PropertyTable Implementations

There are 2 implementations for PropertyTable. The pros and cons are summarised in the following table:

PropertyTable Implementation Description Supported Indexes Advantages Disadvantages
PropertyTableArrayImpl implemented by a two-dimensioned Java array of Nodes SPO, PSO compact memory usage, fast for querying with S and P, fast for query a whole Row slow for query with O, table Row/Column size provided
PropertyTableHashMapImpl implemented by several Java HashMaps PSO, POS fast for querying with O, table Row/Column size not required more memory usage for HashMaps

By default, [PropertyTableArrayImpl]((https://github.com/apache/jena/tree/main/jena-csv/src/main/java/org/apache/jena/propertytable/impl/PropertyTableArrayImpl.java) is used as the PropertyTable implementation held by GraphCSV. If you want to switch to PropertyTableHashMapImpl, just use the static method of GraphCSV.createHashMapImpl() to replace the default new GraphCSV() way. Here is an example:

Model model_csv_array_impl = ModelFactory.createModelForGraph(new GraphCSV(file)); // PropertyTableArrayImpl
Model model_csv_hashmap_impl = ModelFactory.createModelForGraph(GraphCSV.createHashMapImpl(file)); // PropertyTableHashMapImpl

StageGenerator Optimization for GraphPropertyTable

Accessing from SPARQL via Graph.find() will work, but it’s not ideal. Some optimizations can be done for processing a SPARQL basic graph pattern. More explicitly, in the method of OpExecutor.execute(OpBGP, ...), when the target for the query is a GraphPropertyTable, it can get a whole Row, or Rows, of the table data and match the pattern with the bindings.

The optimization of querying a whole Row in the PropertyTable are supported now. The following query pattern can be transformed into a Row querying, without generating triples:

?x :prop1 ?v .
?x :prop2 ?w .
...

It’s made by using the extension point of StageGenerator, because it’s now just concerned with BasicPattern. The detailed workflow goes in this way:

  1. Split the incoming BasicPattern by subjects, (i.e. it becomes multiple sub BasicPatterns grouped by the same subjects. (see QueryIterPropertyTable )
  2. For each sub BasicPattern, if the Triple size within is greater than 1 (i.e. at least 2 Triples), it’s turned into a Row querying, and processed by QueryIterPropertyTableRow, else if it contains only 1 Triple, it goes for the traditional Triple querying by graph.graphBaseFind()
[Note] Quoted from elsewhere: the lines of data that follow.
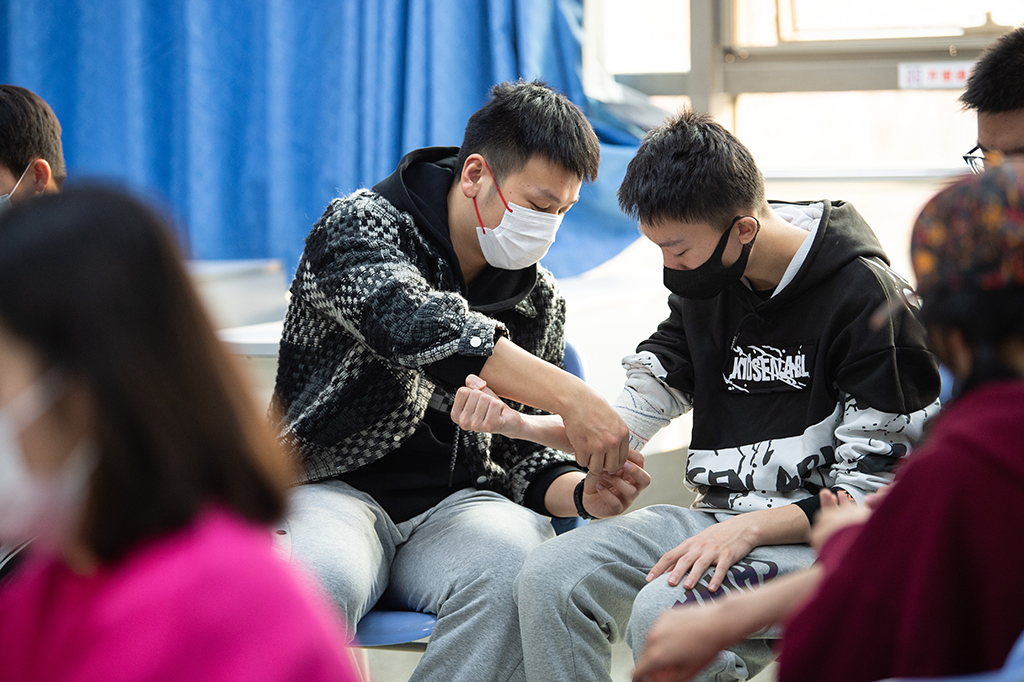 楊曦（右）在學校參加冬奧志願者急救技能培訓時與同學一起練習包扎（11月27日攝）。新華社記者 陳鐘昊 攝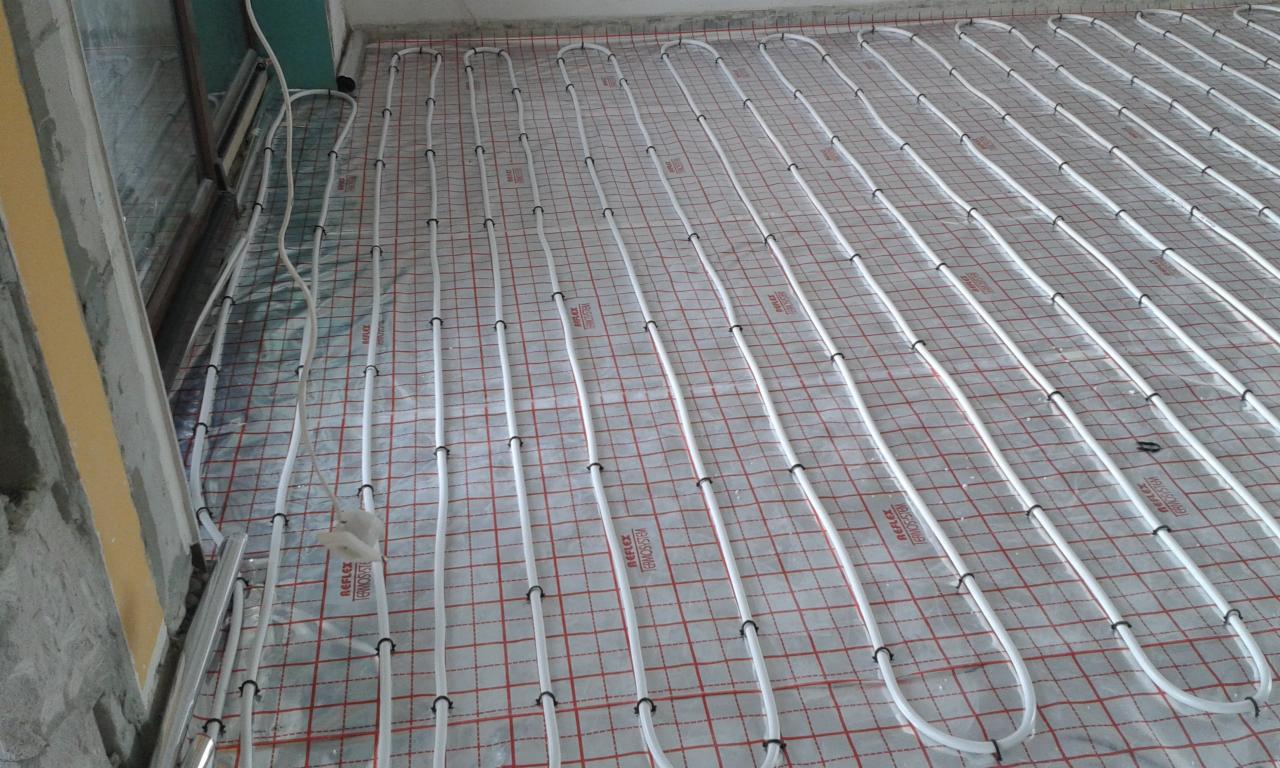 Białe rurki ogrzewania podłogowego ułożone na srebrnej folii z czerwoną siatką, widoczne czarne uchwyty mocujące rurki.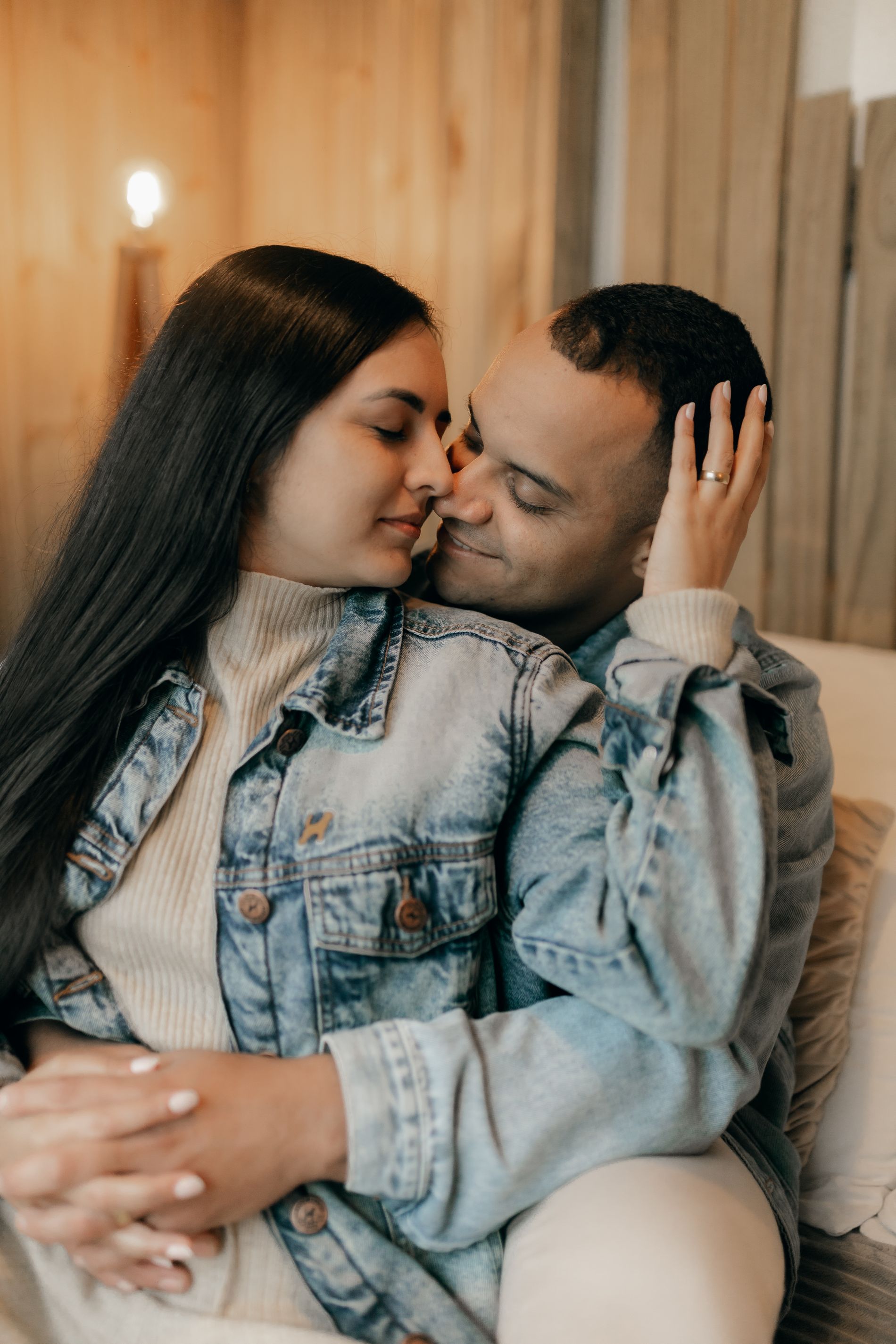 A couple close together at home in warm light, her hand resting on his face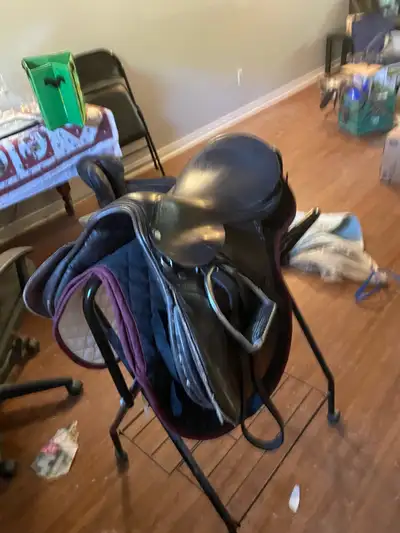 15 inch saddle included stirrups, saddle pad and bridle with eggbut bit 100 firm cash please. Cornwa...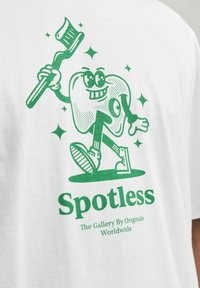 Tricou alb cu un dinte verde, în stil cartoon, care ține o periuță de dinți, înconjurat de stele strălucitoare, cu inscripția "Impecabil" imprimată dedesubt, în verde.
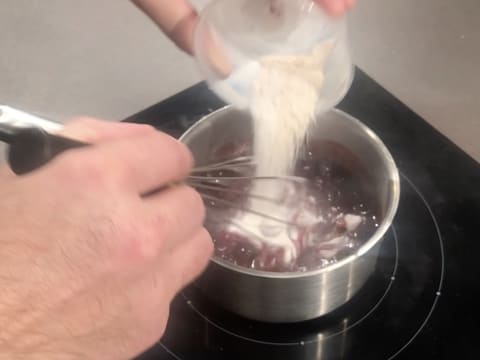 Le mélange pectine NH nappage et sucre en poudre est versé dans la casserole qui contient la purée de cassis et les myrtilles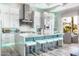 Modern kitchen features a large island with seating and breakfast nook at 1710 W Glacier Way, Chandler, AZ 85248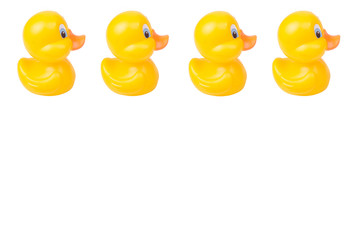 Plastic yellow duck toy isolated on white background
In order to turn on this optimization, we need to register the StageGeneratorPropertyTable into ARQ context, before performing SPARQL querying:

StageGenerator orig = (StageGenerator)ARQ.getContext().get(ARQ.stageGenerator) ;
StageGenerator stageGenerator = new StageGeneratorPropertyTable(orig) ;
StageBuilder.setGenerator(ARQ.getContext(), stageGenerator) ;